I just set up a new emacs installation, installed ELPA and installed swank-clojure with using ELPA. Although Clojure 1.2 is released, when I hit "M-x slime", it still downloaded Clojure 1.1 for me instead of 1.2

How do I get it to use 1.2 now that it's available? Do I have to do it manually? Do I have to wait for slime/swank to be updated to use 1.2?

Update: Thanks for the recommendations for using leiningen, but what I'm after is for emacs to just launch a REPL itself. Is this problem happening because the swank-clojure package in ELPA is not being updated?

+2  A: 

I believe that with the sort of setup that you describe, M-x slime will put everything in ~/.clojure and ~/.swank-clojure on the classpath. You can customise this by setting the swank-clojure-classpath variable (I have it customised to use ~/.clojure only; that's where I put the basic set of jars useful for launching one-off experimental REPLs.

As soon as you need more stuff on the classpath, the above is inadequate. There are two options for managing those more complex cases:

Option 1: launch Swank, then connect

The most straightforward approach is to use Leiningen. Put this in your project.clj:

(defproject repl-base "1.0.0-SNAPSHOT"
  :description "A project to start Swank in."
  :dependencies [[org.clojure/clojure "1.2.0"]
                 [org.clojure/clojure-contrib "1.2.0"]]
  :dev-dependencies [[swank-clojure "1.2.1"]])

Then use lein swank in your project's directory to start a swank server and use M-x slime-connect to connect to it from within Emacs.

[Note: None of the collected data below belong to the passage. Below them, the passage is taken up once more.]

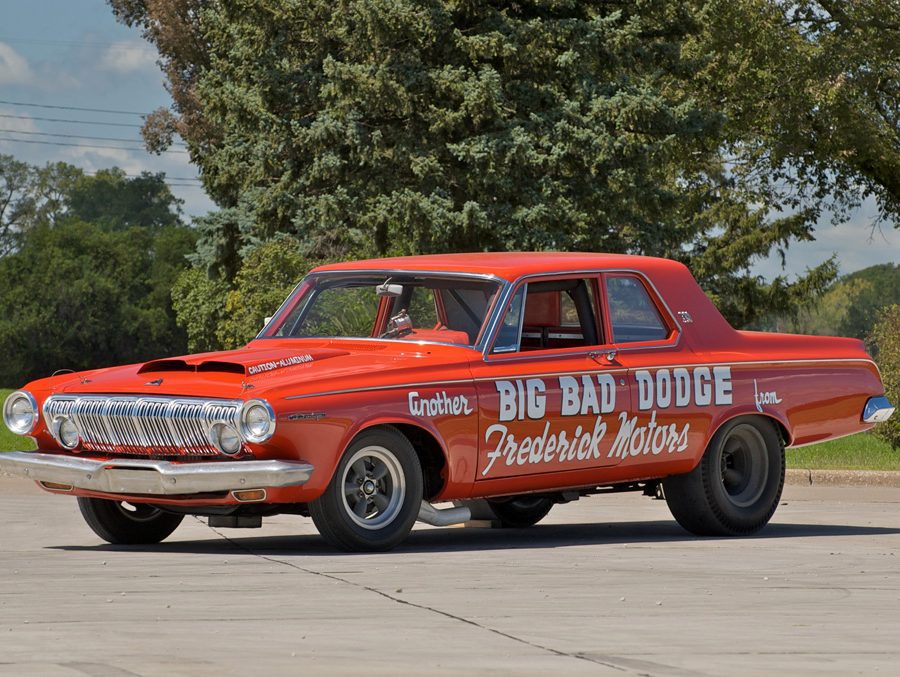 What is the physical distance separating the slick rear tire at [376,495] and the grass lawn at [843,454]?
29.6 ft

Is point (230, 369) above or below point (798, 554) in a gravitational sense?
above

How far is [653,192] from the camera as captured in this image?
33.7m

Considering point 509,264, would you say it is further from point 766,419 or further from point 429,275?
point 766,419

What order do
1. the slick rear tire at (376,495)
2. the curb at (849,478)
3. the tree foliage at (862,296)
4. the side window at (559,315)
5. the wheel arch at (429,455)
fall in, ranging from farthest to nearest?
the tree foliage at (862,296) < the curb at (849,478) < the side window at (559,315) < the wheel arch at (429,455) < the slick rear tire at (376,495)

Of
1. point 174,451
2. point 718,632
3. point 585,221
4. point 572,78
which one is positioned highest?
point 572,78

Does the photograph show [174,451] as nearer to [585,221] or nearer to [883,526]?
[883,526]

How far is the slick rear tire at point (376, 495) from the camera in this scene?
9.59 meters

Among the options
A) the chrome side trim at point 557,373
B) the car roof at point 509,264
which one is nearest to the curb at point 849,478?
the chrome side trim at point 557,373

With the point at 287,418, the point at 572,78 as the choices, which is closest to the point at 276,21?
the point at 572,78

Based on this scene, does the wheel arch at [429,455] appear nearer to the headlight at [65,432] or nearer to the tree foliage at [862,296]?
the headlight at [65,432]

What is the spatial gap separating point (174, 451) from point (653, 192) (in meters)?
25.0

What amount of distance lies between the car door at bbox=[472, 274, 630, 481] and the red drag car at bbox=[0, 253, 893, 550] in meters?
0.01

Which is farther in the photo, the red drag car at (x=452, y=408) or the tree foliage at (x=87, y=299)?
the tree foliage at (x=87, y=299)

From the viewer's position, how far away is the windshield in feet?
34.6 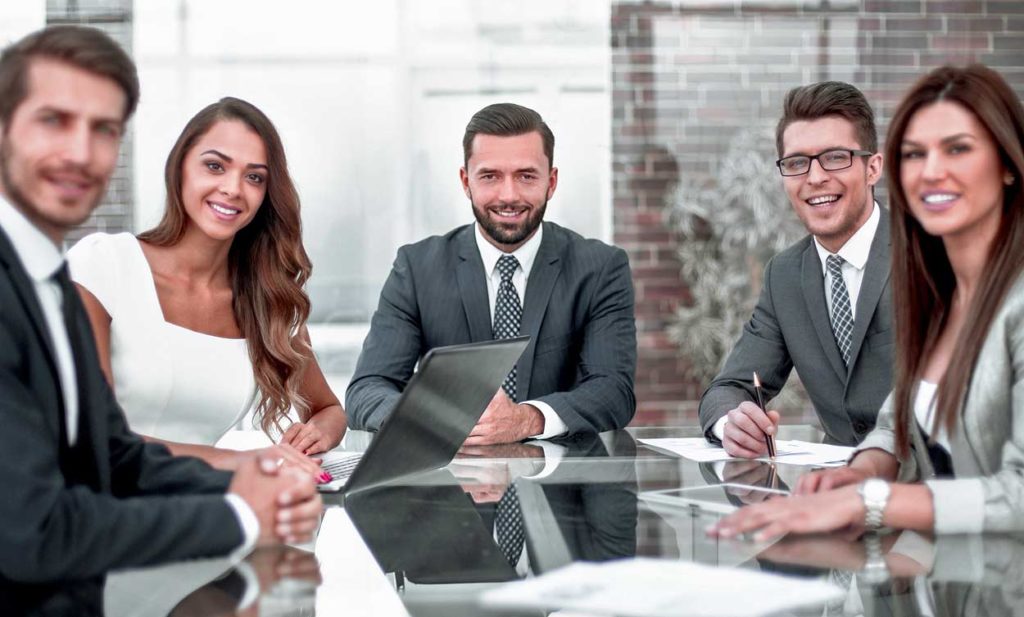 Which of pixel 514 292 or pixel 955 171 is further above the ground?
pixel 955 171

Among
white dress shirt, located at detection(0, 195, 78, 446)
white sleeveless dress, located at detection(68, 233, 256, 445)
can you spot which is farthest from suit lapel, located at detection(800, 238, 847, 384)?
white dress shirt, located at detection(0, 195, 78, 446)

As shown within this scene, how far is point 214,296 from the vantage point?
2.79 m

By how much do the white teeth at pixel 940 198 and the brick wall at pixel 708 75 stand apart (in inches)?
155

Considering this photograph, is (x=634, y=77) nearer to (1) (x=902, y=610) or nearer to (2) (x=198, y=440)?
(2) (x=198, y=440)

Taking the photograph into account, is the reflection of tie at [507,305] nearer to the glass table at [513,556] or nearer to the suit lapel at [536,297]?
the suit lapel at [536,297]

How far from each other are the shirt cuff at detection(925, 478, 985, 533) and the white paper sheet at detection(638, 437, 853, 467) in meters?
0.61

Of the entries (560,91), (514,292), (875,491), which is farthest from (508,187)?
(560,91)

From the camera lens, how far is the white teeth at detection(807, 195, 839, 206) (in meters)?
3.05

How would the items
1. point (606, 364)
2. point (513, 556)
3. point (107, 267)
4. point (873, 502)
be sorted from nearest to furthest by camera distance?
point (513, 556)
point (873, 502)
point (107, 267)
point (606, 364)

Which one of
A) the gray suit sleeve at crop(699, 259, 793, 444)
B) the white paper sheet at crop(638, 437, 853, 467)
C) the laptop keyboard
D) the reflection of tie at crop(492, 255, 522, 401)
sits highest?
the reflection of tie at crop(492, 255, 522, 401)

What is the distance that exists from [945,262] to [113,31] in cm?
476

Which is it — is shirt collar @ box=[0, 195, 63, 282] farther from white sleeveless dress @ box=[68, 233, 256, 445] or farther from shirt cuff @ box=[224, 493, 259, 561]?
white sleeveless dress @ box=[68, 233, 256, 445]

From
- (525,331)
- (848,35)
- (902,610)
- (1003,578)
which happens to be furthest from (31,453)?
(848,35)

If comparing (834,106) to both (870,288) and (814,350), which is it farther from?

As another possibility, David Edgar Liebke's cljr will apparently launch stand-alone Swank instances for you; consult the README for details.

Option 2: launch Swank from within Emacs

Now, to be entirely honest, I tend to start Swank from within Emacs myself -- it's maybe a bit trickier to setup (and thus possibly not advisable in the beginning), but quite convenient later on. See my answer to an older question for one version of a function I use to launch Clojure-specific Swank instances complete with proper classpath configuration for Leiningen-style projects.

Michał Marczyk
+1  A: 

I use leiningen to connect emacs slime to the clojure instance. In a project you always end up with a couple of dependencies, which leiningen nicely places on the classpath.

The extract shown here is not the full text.